The graph structure together with the edge weights define a new metric that quantifies the similarity between two points. In this graph, two points that are connected by a path are considered to be close if the path has low total edge weight, namely, the points along the path share similar PP scores, indicating these points are likely from the same object. In contrast, a path in the graph that has high total edge weight likely goes across the boundary of two different objects (e.g. a mobile object and the background). Many graph-based clustering algorithms can fit the bill. We deploy the widely used DBSCAN algorithm for the clustering due to its simplicity and its ability to cluster without the need of setting the number of clusters beforehand.
DBSCAN returns a list of clusters, from which we remove clusters of static (and thus persistent) background points by applying a threshold γ on the ∝ percentile of PP scores in a cluster (i.e. remove the cluster if the ∝ percentile of the PP scores in this cluster is larger than γ).

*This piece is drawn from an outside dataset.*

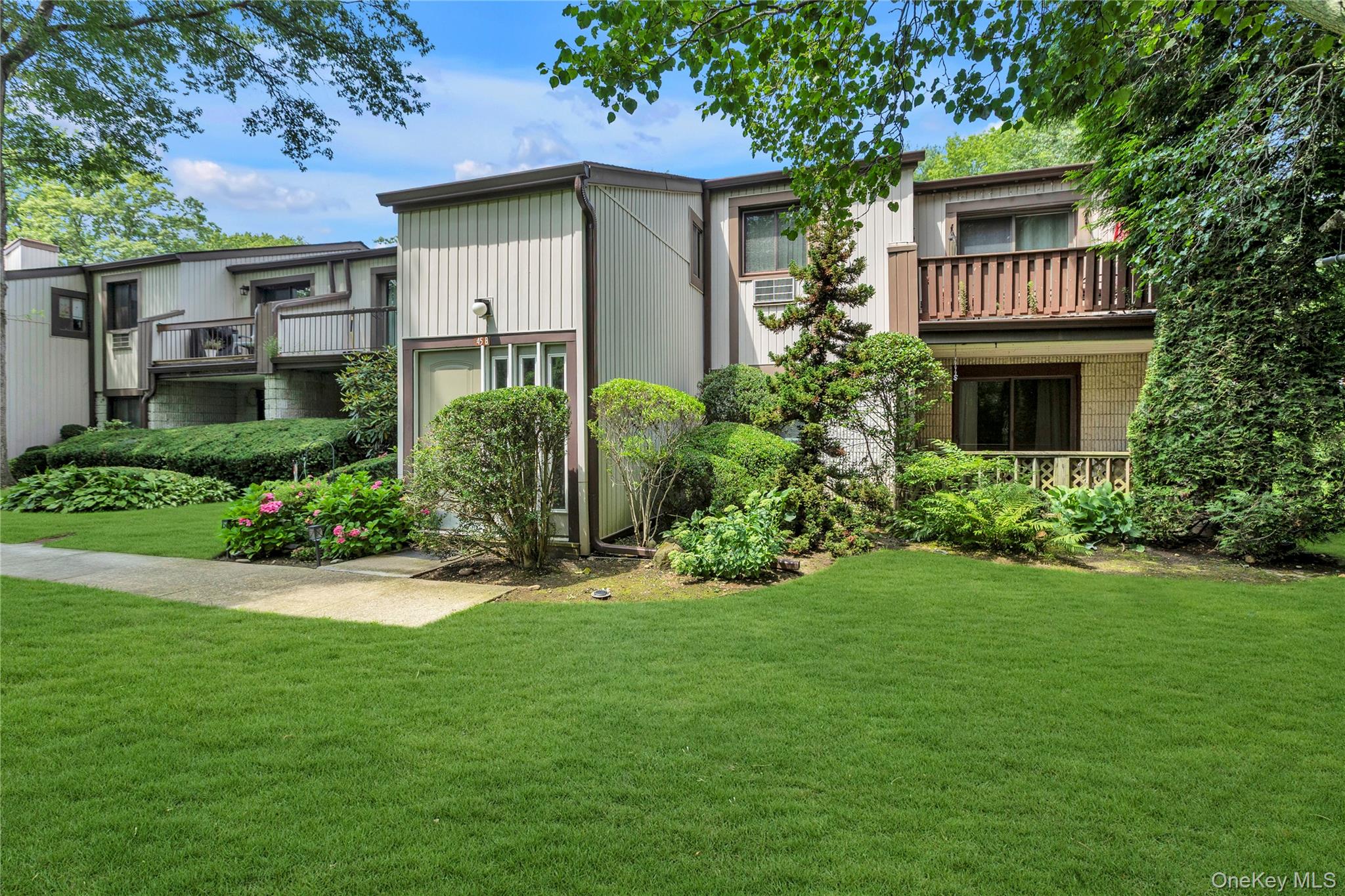 45 Richmond Boulevard Unit 2B, Ronkonkoma NY 11779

We then apply a straightforward bounding box fitting algorithm to fit an upright bounding box to each cluster.
Filtering using other common-sense properties
Finally, following our common-sense assumptions, we remove bounding boxes that are under the ground plane, floating in the air, or having exceptional large volume (see the supplementary). This produces the final set of seed pseudo-ground-truth bounding boxes for mobile objects.
Discussion
Our proposed procedure for object discovery, while intuitive and fully unsupervised, has several limitations. First, the bounding boxes are produced only for locations that were traversed multiple times. Second, owing to many filtering steps that we apply, these bounding boxes are not exhaustive. For example, parked cars along the side of the road might be marked as persistent and therefore may not be identified as mobile objects.
Finally, our heuristic box-fitting approach might fit inaccurate bounding boxes to noisy clusters that contain background points or miss foreground points. Thus in general, this initial set of seed bounding boxes might (a) miss many objects, and (b) produce incorrect box shapes and poses. Nevertheless, we find that this seed set has enough signal for training a high-quality mobile object detector, as we discuss below.
2. Bootstrapping a mobile object detector
Concretely, we simply take off-the-shelf 3D object detectors and directly train them from scratch on these initial seed labels via minimising the corresponding detection loss from the detection algorithms Intriguingly, the object detector trained in this way outperforms the original seed bounding boxes themselves – the ‘detected’ boxes have higher recall and are more accurate than the ‘discovered’ boxes on the same training point clouds (see Figure 1 for an illustration).
This phenomenon of a neural network improving on the provided noisy labels themselves is superficially surprising, but it has been observed before in other contexts. The key reason is that the noise is not consistent. The initial labels are generated scene-by-scene and object-by-object. In some scenes a car may be missed because it was parked throughout all traversals, while in many others it will be discovered as a mobile object.
Even among discovered boxes of similar objects, some may miss a few foreground points but others wrongly include background points. The neural network, equipped with limited capacity3, thus cannot reproduce this inconsistency and instead identifies the underlying consistent object patterns.
In particular, we find that the detector substantially improves recall; it is able to identify objects (like parked cars) that were missed in the ephemerality computation, because these seemingly static objects are nevertheless similar in shape to other moving objects identified as ephemeral. We also find many cases where the detector automatically corrects the box shape, based on the average box shape of similar objects it has encountered in the training data.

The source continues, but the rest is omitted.